После обеда Шерлок Холмс отправился в комнату миссис Парсонс со своей лупой. Примерно час спустя он присоединился к нам с Майкрофтом в библиотеке, чтобы обсудить то, что ему удалось выяснить.
— В комнате ничего не заметно — разве то, что она обитаема. Думаю, вор просто улучил удобную минуту и вошел. Поскольку комната первая по счету от лестничной площадки, мы все проходим мимо нее, направляясь к себе в спальню. Уверен, вы заметили, что дверь этой комнаты часто остается открытой. Туалетный столик — у дальней стены. Преступник мог в три шага туда дойти, похитить рубины и сбежать, и на все это не ушло бы много времени.
Наведя справки, я выяснил, что спальни слуг находятся в задней части дома и к ним ведет отдельная лестница. Никто из них, кроме Брук, обычно не поднимается по главной лестнице. Исключение составляет мисс Бэк, комната которой расположена рядом с детской.
Майкрофт хмыкнул:
— Значит, возможность имели Брук, мисс Бэк, Родерик Кили, мы с вами — и, конечно, мистер и миссис Парсонс.
— Вряд ли они бы стали красть у самих себя! — рассмеялся я.
Шерлок вопросительно приподнял бровь, а Майкрофт насмешливо фыркнул.
— Напротив, мой дорогой Уотсон, — возразил мой друг, — миссис Парсонс — главная подозреваемая. Ведь она, добрая душа, хотела бы помочь тем, кто, как ей известно, страдает не по своей вине. Но ее муж помимо прочих своих добродетелей обладает типично йоркширской бережливостью и скептицизмом. Поэтому он ей ничего не даст. Разве не может быть, что она спрятала рубины и при первой же возможности их продаст, чтобы употребить деньги на дело, которое считает достойным?
— Ну что же, это возможно. Но вы же сами видели, какой расстроенной она была за обедом всего два часа назад!
— Мой галантный Уотсон! Ничто так не пробуждает в вас благородного рыцаря, как женские слезы! Хорошо, отставим пока миссис Парсонс и рассмотрим другие кандидатуры.
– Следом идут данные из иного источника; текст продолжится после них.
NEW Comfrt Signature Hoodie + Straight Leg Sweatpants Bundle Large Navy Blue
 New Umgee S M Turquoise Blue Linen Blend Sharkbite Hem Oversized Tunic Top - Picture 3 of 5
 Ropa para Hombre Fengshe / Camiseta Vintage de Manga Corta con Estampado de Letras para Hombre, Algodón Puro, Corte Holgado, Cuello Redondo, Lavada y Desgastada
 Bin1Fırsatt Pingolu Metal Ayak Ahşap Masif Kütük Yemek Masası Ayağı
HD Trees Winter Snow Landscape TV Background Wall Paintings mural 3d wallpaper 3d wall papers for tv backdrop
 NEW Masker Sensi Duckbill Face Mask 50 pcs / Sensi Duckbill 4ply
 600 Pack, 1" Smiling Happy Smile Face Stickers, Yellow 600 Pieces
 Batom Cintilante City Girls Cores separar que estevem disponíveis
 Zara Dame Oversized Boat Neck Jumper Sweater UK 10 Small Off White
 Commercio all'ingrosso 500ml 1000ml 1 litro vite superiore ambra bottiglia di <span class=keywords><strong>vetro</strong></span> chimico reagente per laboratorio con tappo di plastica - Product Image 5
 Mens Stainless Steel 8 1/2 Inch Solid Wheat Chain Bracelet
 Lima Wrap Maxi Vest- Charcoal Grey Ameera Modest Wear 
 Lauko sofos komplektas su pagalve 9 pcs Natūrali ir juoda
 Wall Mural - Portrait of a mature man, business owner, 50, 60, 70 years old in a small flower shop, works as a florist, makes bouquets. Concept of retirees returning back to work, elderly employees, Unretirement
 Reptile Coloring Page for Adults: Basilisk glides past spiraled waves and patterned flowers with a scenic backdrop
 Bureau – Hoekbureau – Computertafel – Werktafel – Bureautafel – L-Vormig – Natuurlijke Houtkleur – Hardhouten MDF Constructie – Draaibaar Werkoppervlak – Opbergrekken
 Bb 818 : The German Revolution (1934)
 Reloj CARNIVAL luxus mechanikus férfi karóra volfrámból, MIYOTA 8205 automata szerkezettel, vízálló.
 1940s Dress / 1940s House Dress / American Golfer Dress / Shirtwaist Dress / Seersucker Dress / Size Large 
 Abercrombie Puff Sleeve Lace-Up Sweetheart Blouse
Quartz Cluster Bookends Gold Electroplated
— Это, конечно, Родерик Кили.
— Бесспорно, он под подозрением. Родерик — младший из трех сыновей полковника Кили, и поэтому у него мало перспектив. Он вполне мог себя убедить, что долг сестры — помочь ему, когда он испытывает нужду в наличных, а если он сам о себе позаботится, то избавит ее от тягостного объяснения с мужем.
— Конечно, он виновен, — сказал я. — Брук много лет служит горничной у миссис Парсонс, а у мисс Бэк, разумеется, нет преступных наклонностей.
Холмс улыбнулся:
— Брук я могу пропустить, чего нельзя сказать о мисс Бэк. Она определенно не из простой семьи: это видно по ее речи и манерам. И тем не менее она занимает скромную, хотя и почтенную должность няни. Мы можем сделать вывод, что либо она рассорилась со своей семьей, либо у ее родных наступили тяжелые времена и она вынуждена браться за ту работу, которая подвернулась. Возможно, молодая женщина затаила обиду и, считая несправедливым, что ее хозяйке дано так много, а ей — так мало, решила восстановить справедливость.
— Я не могу в это поверить! Холмс пожал плечами:
— Такая возможность существует — но на этом я пока остановлюсь. Можно построить множество гипотез, но без фактов неясно, которая из них верна.
— Вот в чем загвоздка, — хмыкнул Майкрофт. — Факты. Мы знаем только, что рубины были похищены. А теперь нам нужно понаблюдать за остальными. Нельзя допустить, чтобы они покидали дом. На этих чертовых вересковых пустошах существует тысяча мест, где можно спрятать ожерелье, а потом забрать его спустя несколько месяцев, когда уляжется шум.
— Но мы вряд ли сможем удерживать обитателей дома взаперти против их воли, — возразил я.
— Всего несколько дней, — сказал Майкрофт, — а за это время мы с моим младшим братом, вне всякого сомнения, разгадаем загадку.
— Возможно, удержать их в доме будет не так уж трудно. Теперь, когда снаружи снега навалило по колено, а в сугробы можно провалиться с головой, понадобится весьма веский предлог для прогулки.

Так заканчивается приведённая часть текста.